Willis Towers Watson has supported a number of research projects focussed on climate change in the past. Through the WRN, we’ve driven tropical cyclone research with scientists at Princeton University to understand the impact of doubling the levels of carbon dioxide on storm activity, and supported the National Center for Atmospheric Research (NCAR), who identified an increase of the proportion of intense tropical cyclones related to climate change, as well as collaborated on developing a method to provide a global view of risk related to tropical cyclone winds around the world. We’ve also looked at flood research through recent work with Newcastle University to help our clients respond to the PRA requests for climate change stress testing on increases in flood risk. And we have recently set up new projects with existing partners at Columbia University, Karlsruhe Institute of Technology, NCAR, and the National University of Singapore, which focus on the impacts of climate change on extremes relating to the key loss-driving perils such as severe convective storms (hail and tornado events), tropical cyclones and flooding. We are also investigating projects and partnerships to explore climate change impacts relating to wildfire, heat stress and health as the reach of the WRN extends to new industries to unlock new avenues for disaster risk reduction and financial success for our clients.

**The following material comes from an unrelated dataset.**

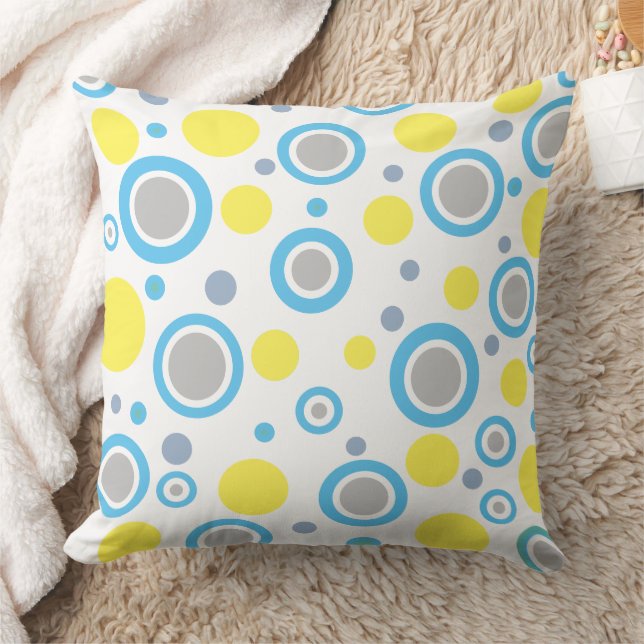 Yellow Blue Silver Polka Dots Solid Yellow Cushion (Blanket)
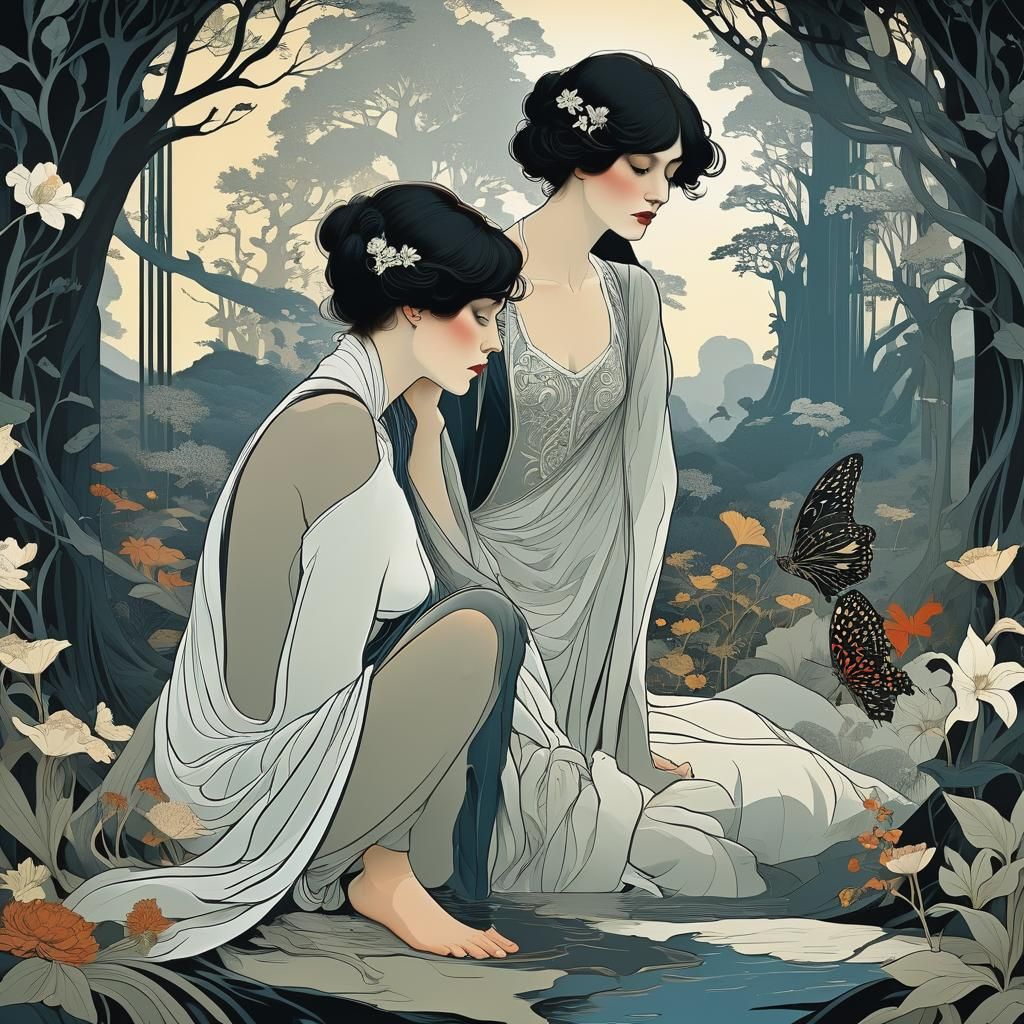 Colorful Art in the Style of Aubrey Beardsley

Building on strong foundations

Climate change is a theme which influences many spheres of scientific research. Through building on research into climate risk, the WRN can support our advice and services to our clients across all industries. With the confluence of regulatory pressure, public opinion and increasing analytical capability, the next few years will be an exciting time for the application of the latest research in climate science. And there is no time to waste. The effects of 1 degree of warming are already being seen around the world. Projecting into the future society’s reaction to the challenge of climate change is the biggest uncertainty in climate science, but socio-economic scenarios can be used to inform the projections of the state of the climate and environment, whichever path we take. Whether we stay on a worst case ‘business as usual’ pathway which increases the rate of global warming to reach 4 degrees Celsius or more above pre-industrial levels by 2100, or we manage to make a transition to a low or zero carbon economy in the next few decades to reduce the rate of warming to under 2 degrees Celsius to mitigate the worst effects of climate change, private and public interests will need to collaborate to adapt. The financial sector will play a key role in maintaining stability and resilience as more changes occur. At Willis Towers Watson we have been setting the foundations to help our clients to assess, monitor and manage their climate risks for many years through our industry experts, analytical capability and external collaborations, like the Willis Research Network. We now need to use those foundations to build a more climate resilient future and help our clients seize the opportunities created by the changing landscape of risks.